Restate each record below word for word, skipping images.
· · · · ·
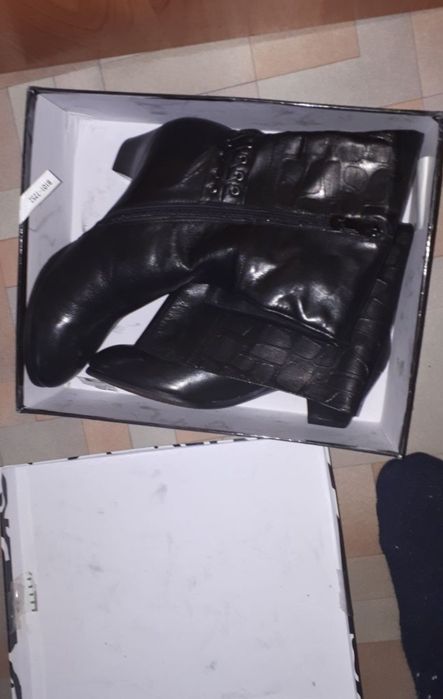 Продам женские сапоги осеннй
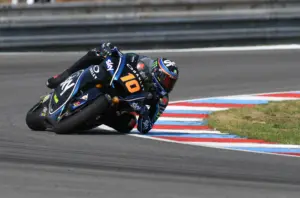 Luca Marini in piega durante una sessione MotoGP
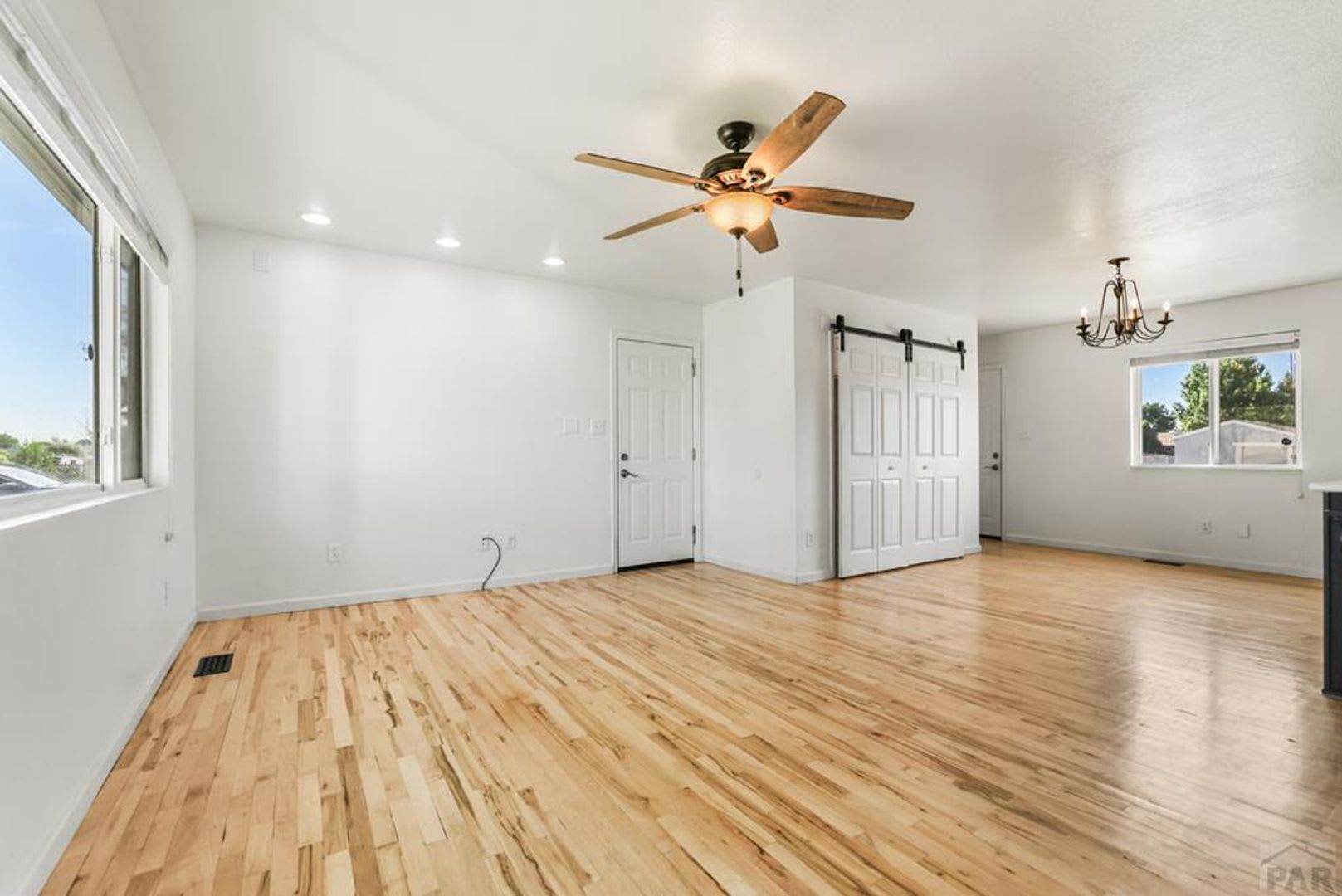 All Prospective Tenants Must Submit A 58 Non Refundable Application Fee Per Applicant Online And Be Pre Qualified Prior To Any Showings – photo 4
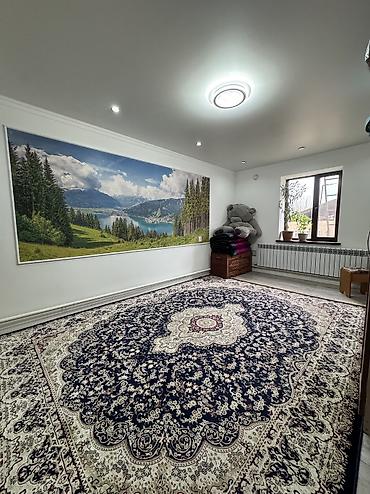 Продажа коттеджей и домов: ✨Продаётся дом в с. Сокулук✨ 🏡Характеристики: • Участок - 14 соток • — 7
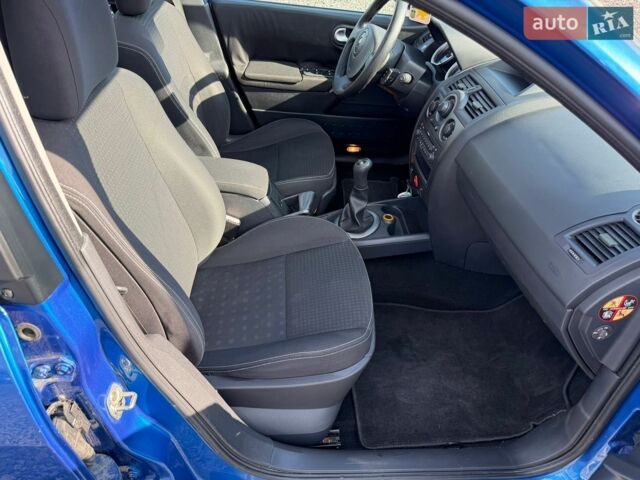 Синий Рено Меган, объемом двигателя 1.6 л и пробегом 107 тыс. км за 3999 $, фото 46 на Automoto.ua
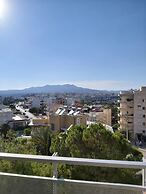 Vibrant Apartment in Rafina With Garden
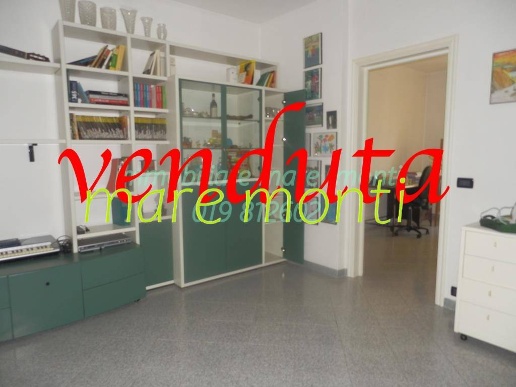 appartamento in vendita a Vado Ligure in zona Vado Centro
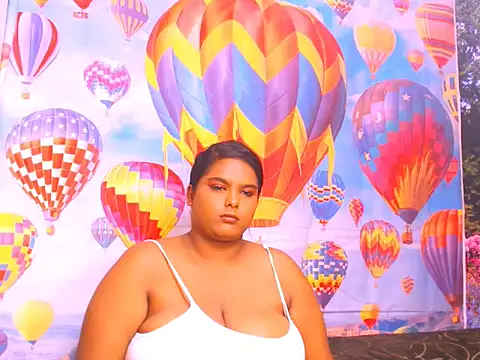 Indianfairy99 online show from 4, 2, 2025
· · · · ·
• Solution to this task:
 Продам женские сапоги осеннй
 Luca Marini in piega durante una sessione MotoGP
 All Prospective Tenants Must Submit A 58 Non Refundable Application Fee Per Applicant Online And Be Pre Qualified Prior To Any Showings – photo 4
 Продажа коттеджей и домов: ✨Продаётся дом в с. Сокулук✨ 🏡Характеристики: • Участок - 14 соток • — 7
 Синий Рено Меган, объемом двигателя 1.6 л и пробегом 107 тыс. км за 3999 $, фото 46 на Automoto.ua
 Vibrant Apartment in Rafina With Garden
 appartamento in vendita a Vado Ligure in zona Vado Centro
 Indianfairy99 online show from 4, 2, 2025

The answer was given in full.